Aber muß man die Fixierung auf einen einzeln Charakter auch noch auf das Tätigkeitsfeld übertragen?
Wir altern doch, siehe Nachwuchsdebatte. Wie kann es dann sein, daß da nicht auch die Komplexität und der Horizont der bespielbaren Dinge anwachsen?
Um die Nebel noch ein wenig zu lüften:
Neulich sagte Jörg Raddatz mal etwas, was auch in veränderter Form Marc Miller jüngst schrieb (warum nur?! er weiß, ja kann es doch besser, von ihm kommen die Werkzeuge dazu!), und immer wieder anzutreffen ist:
„Handel im Rollenspiel soll auf einer Ebene bleiben, die das Abenteurerleben betreffen. Fremde Orte bereisen, kleines Schiff, Schmuggeln, Aufhänger für Reisen, Aufhänger für andere Aufträge usw usf. Die SCs die zu reich werden, wären eher Magnaten und somit NSCs.“
Ist paraphrasiert, und vielerorts anzutreffen, auch Kiesow sagte mal sowas. Auch in anderen Zusammenhängen findet man diese Selbstbeschränkung. Ich finde das ist doch subkomplexe Scheiße.
Warum sollen die Spieler nicht Magnaten werden?
Wozu spiele ich mit Erwachsenen, wenn ich doch nur immer Indiana Jones nachäffe (der war übrigens Professor, zog dann aber wieder selber los, anstatt…)?
Einen Konzern zu führen, warum soll das nicht rollenspielerisch thematisiert werden dürfen?
Ich habe das alles schon gemacht. Und gerade Traveller bietet einem ja alles, AD&D, OD&D und BECMI oder Harnmaster sowieso. Theoretisch sogar DSA, und mit MMS: Western Europe auch 3.5. Oder den Bänden vom Penumbra-Verlag.

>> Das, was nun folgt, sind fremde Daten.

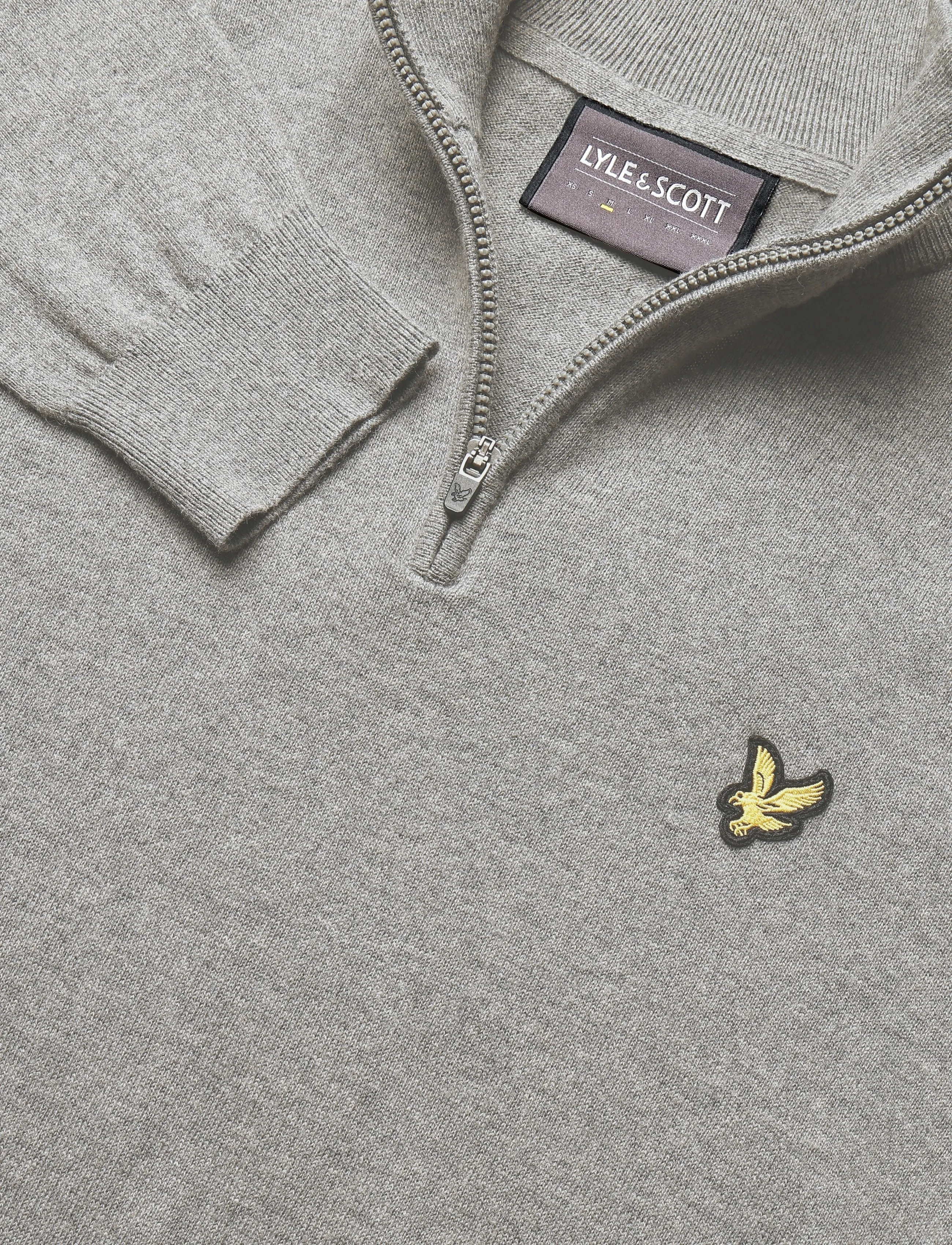 Lyle & Scott Sport - Golf Quarter Zip Jumper - Överdelar - mid grey marl - 2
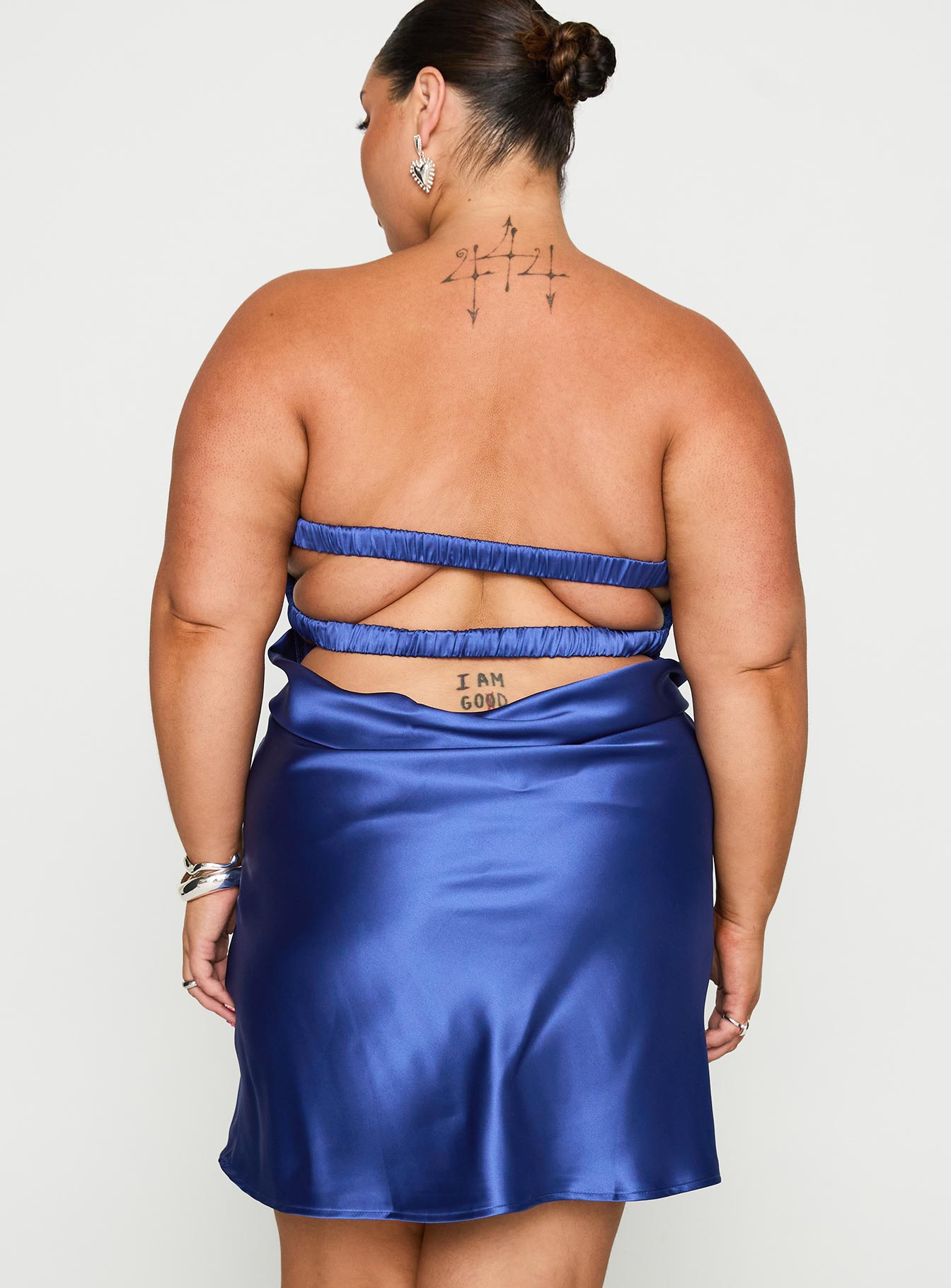 Shellie Mini Dress Blue Curve - Image 5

Also, ich verstehe ja, daß sowas Nischenthema ist, kaum einer will. aber wie können gestandene Rollenspielveteranen über so einen begrenzten Horizont verfügen?
Bei Söldnereinheiten geht es doch auch, wie Traveller schon immer und für Deutschland BattleTech mit den gleichen Mittel zeigt. Irgendwann ist man eben Generalsstab und nicht Schütze Dosenkohl. Oder König, Magnat, CEO oder oberster Psychohistoriker, der das ganze Imperium manipuliert, oder ein Gott/Immortal bei BECMI.
Natürlich ändert sich dann, was man spielt. Aber wenn wir schon älter werden, dann können wir doch auch sowas machen. Wie gesagt, es ist nicht schwer, wenn man erstmal ein bißchen die Welt der Gegenwart und Vergangenheit versteht.
Aber immer dieses rumgeeiere auf der direkten Pistolen & Schwertebene, subkomplexe Scheiße.
Nun, ich fordere garnicht, daß es dafür mehr Material in Deutschland gibt. Aber überall auf der Welt sollte da mehr Bewußtsein für geschaffen werden. Nehmen wir nur Cthulhu: Wie oft ist es das logischste, Organisationen zu ghründen oder zu nutzen, um dem Feind zu begegnen?
Warum mit dem eigenen SC in die Grube springen, wenn man lieber ein Freikorps den Kult und Ekke Nekkepen ausheben lassen kann?
Wer dann denkt, dann machten die Spieler nichts mehr, ist ein subkomplexer Scheißkopf.
Vertragsanbahnung, Planung, Ausrüstung, Ausbildung, Transport, Vertragserfüllung, Medizinische Versorgung, das alles will organisiert, erspielt sein, bevor die Freikorpsler Ekke Nekkepen ins Stahlgewitter schicken.
Und oh Schreck oh graus! Das sind ja alles Sachen, die NUR über Rollenspiel zu regeln sind! Die auch ein Computerspiel in meiner Lebenszeit nicht wird modellieren können! Und genauso verhält es sich doch auch mit den Spielern als Magnaten! Vorstandsitzungen, durchdrücken neuer Firmenstrategien, feindliche Übernahmen, Planung von Industriespionage oder deren Abwehr, Gespräche mit der Presse: Alles feinstes Charakter- und Rollenspiel.
Wie kann ein erwachsener Mensch nur sagen oder denken, daß man sich selbst beschränken muß, um die Charaktere „im Spiel“ zu halten? Was muß man dafür im Hirn haben?
Subkomplexe Scheiße.
Wer immer noch nicht weiß, was ich meine, kann hier disputieren.
EDIT: Ich habe leider nicht mehr gefunden, wo MM in T5 die bösen Gedanken pflegt. Dafür tausend Beispiele, daß nicht. Hier eines:
Some people want to build empires. Some care about
money, others about power, still others about knowledge.
Each player is different: each sets his own goals and his
own pace. And so, ultimately“¦
Travel (and Traveller) is a process, not a goal.